Speaking to reporters after the Schulz rally, Cox said the statements from her camp “are proof that we’re winning.” He cast Hogan’s denunciation of him as a distraction from the increase in the state gas tax that is set to take place at midnight Thursday.
“This is all a distraction from the establishment that is going to crush the people at midnight,” he said. “And they’re doing nothing about it.”
In a series of cell-phone videos posted to social media, Cox accused Schulz of running a “failing” and “lousy” campaign. “This whole smear campaign is laughable. It’s hilarious,” he said. “They’re desperate. It’s going to be exposed and they’re going to fall into their own pit on this one…”
There was a heavy security presence during the Schulz rally. When a sign-holding Cox supporter tried to crowd in next to Schulz supporters before the rally, Schulz strategist Doug Mayer ordered him to leave. The two men then exchanged insults.
Trump’s “hand-picked candidate”
The 30-second spot hit the internet late Thursday. It is, effectively, two ads in one.
The first section appears designed to appeal to the GOP base. The second part labels Cox “too conservative.”
Speaking over graphics and video, a narrator calls Cox “Donald Trump’s hand-picked candidate for Maryland governor.”
“Cox worked with Trump, trying to prove the last election was a fraud. 100% pro-life, he’s fighting to end abortion in Maryland,” the narration continues. “And Cox will protect the Second Amendment at all costs, refusing to support any federal restrictions on guns, even pushing to put armed guards in every school.”
“Dan Cox. Too close to Trump,” the ad concludes. “Too conservative for Maryland.”
A risky strategy, critics warn
D.C.-based Democratic groups like the DGA have spent money in GOP primary races across the country in an effort to boost fringe candidates thought to be less attractive in a general election contest.
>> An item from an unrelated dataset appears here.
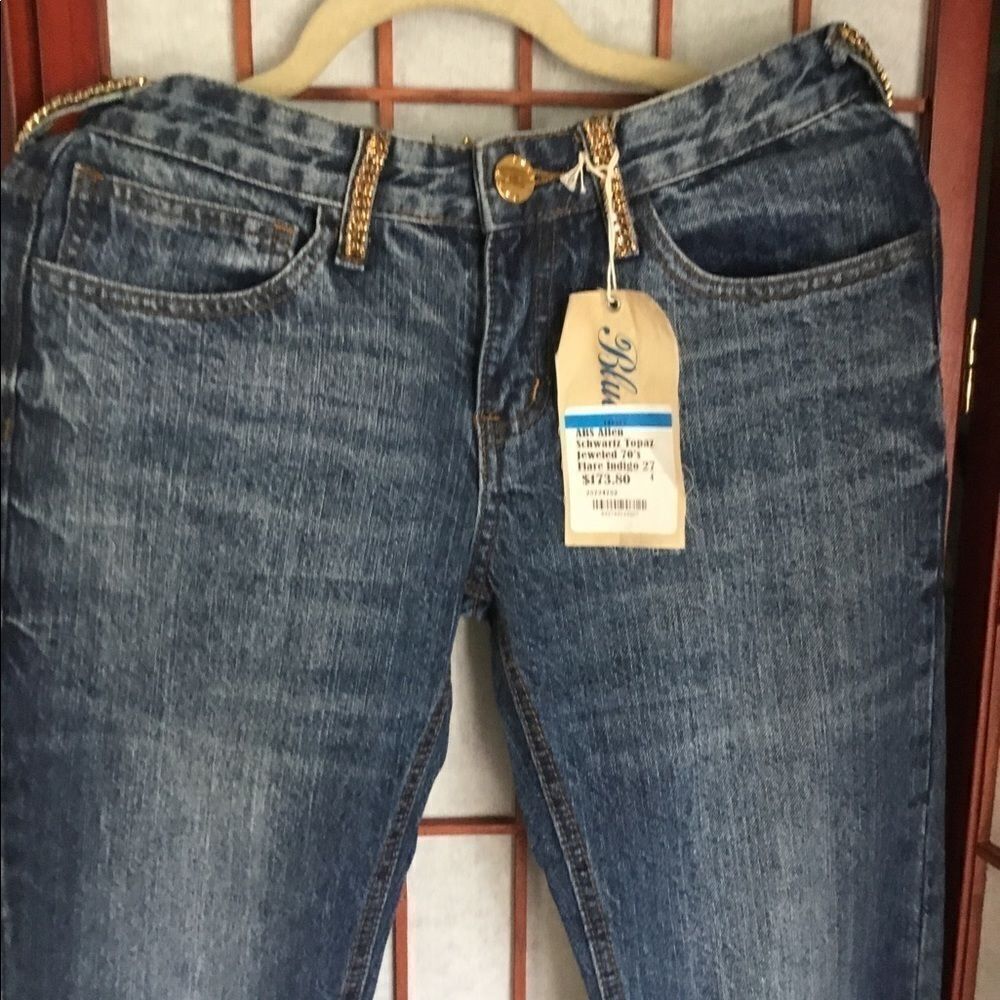 Blue Pearl Women’s Size 26 Jeans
In many cases, the gambit has paid off, but the practice is not without its critics.
They argue that the country is harmed when races don’t play out as expected.
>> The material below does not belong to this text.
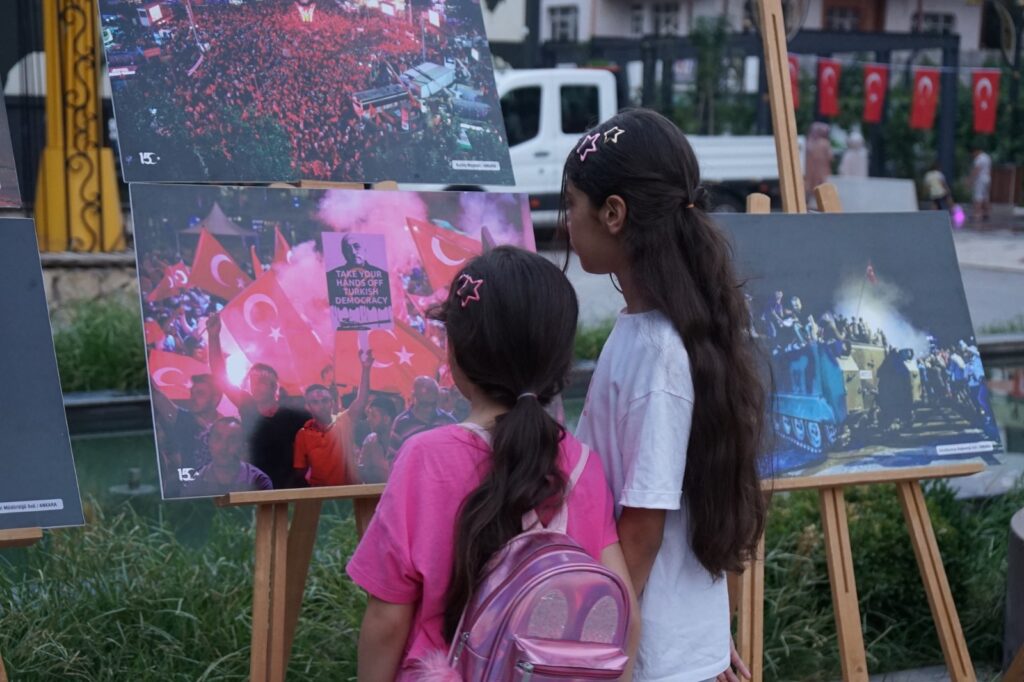 Üniversiteden 15 Temmuz sergisi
Democratic strategist Howard Wolfson told The Washington Post it is “very dangerous and potentially very risky to elevate people who are hostile to democracy.”
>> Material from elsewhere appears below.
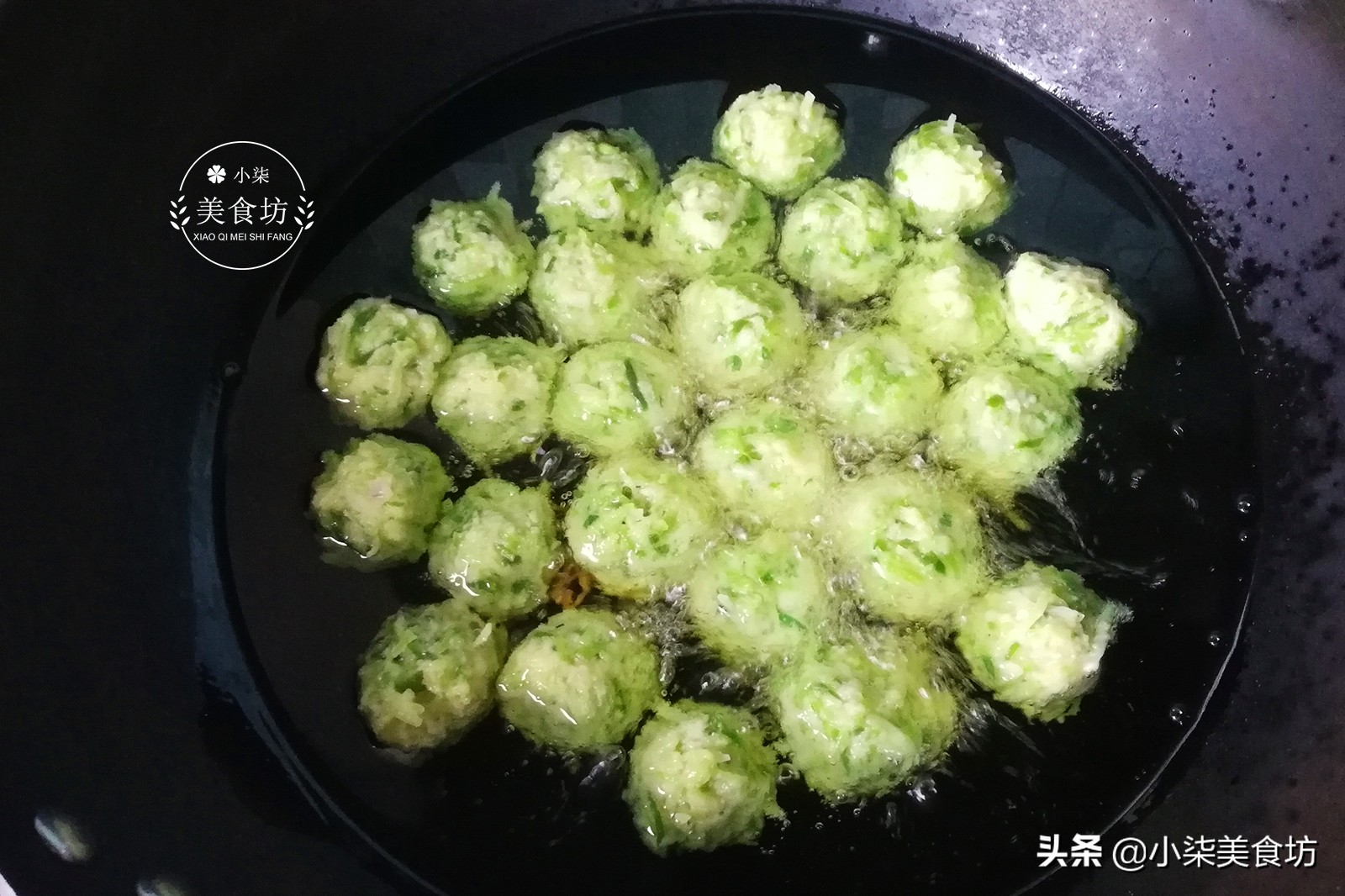 萝卜里加2个鸡蛋，不用煮不用蒸，15分钟出锅，比肉丸子还受欢迎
“Either this is a crisis moment or it isn’t,” said Wolfson, who has worked for former New York Mayor Michael Bloomberg and others. “And if it is — which it is — you don’t play cute in a crisis.”
In a statement, DGA spokesman Sam Newton defended the association’s spending in Maryland.
He faulted “Republican politicians and organizations” who repeat false claims about the 2020 election, “pander to conspiracies or are simply too cowardly to issue a full-throated condemnation.”
“Educating the public on the MAGA extremism, and cowardice, of today’s Republican party is essential to ensuring all citizens have the facts,” he added. “It’s time for the GOP to look in the mirror and have a reckoning with itself, instead of trying to find someone else to blame.”
The new ad buy is not the DGA’s first foray into the Schulz-Cox race. The organization has sponsored two surveys of Maryland Republicans, both of which showed Cox in the lead.
Although subsequent independent polling produced similar results, Schulz loyalists were quick to denounce the DGA-funded surveys, calling them an attempt to sway the electorate.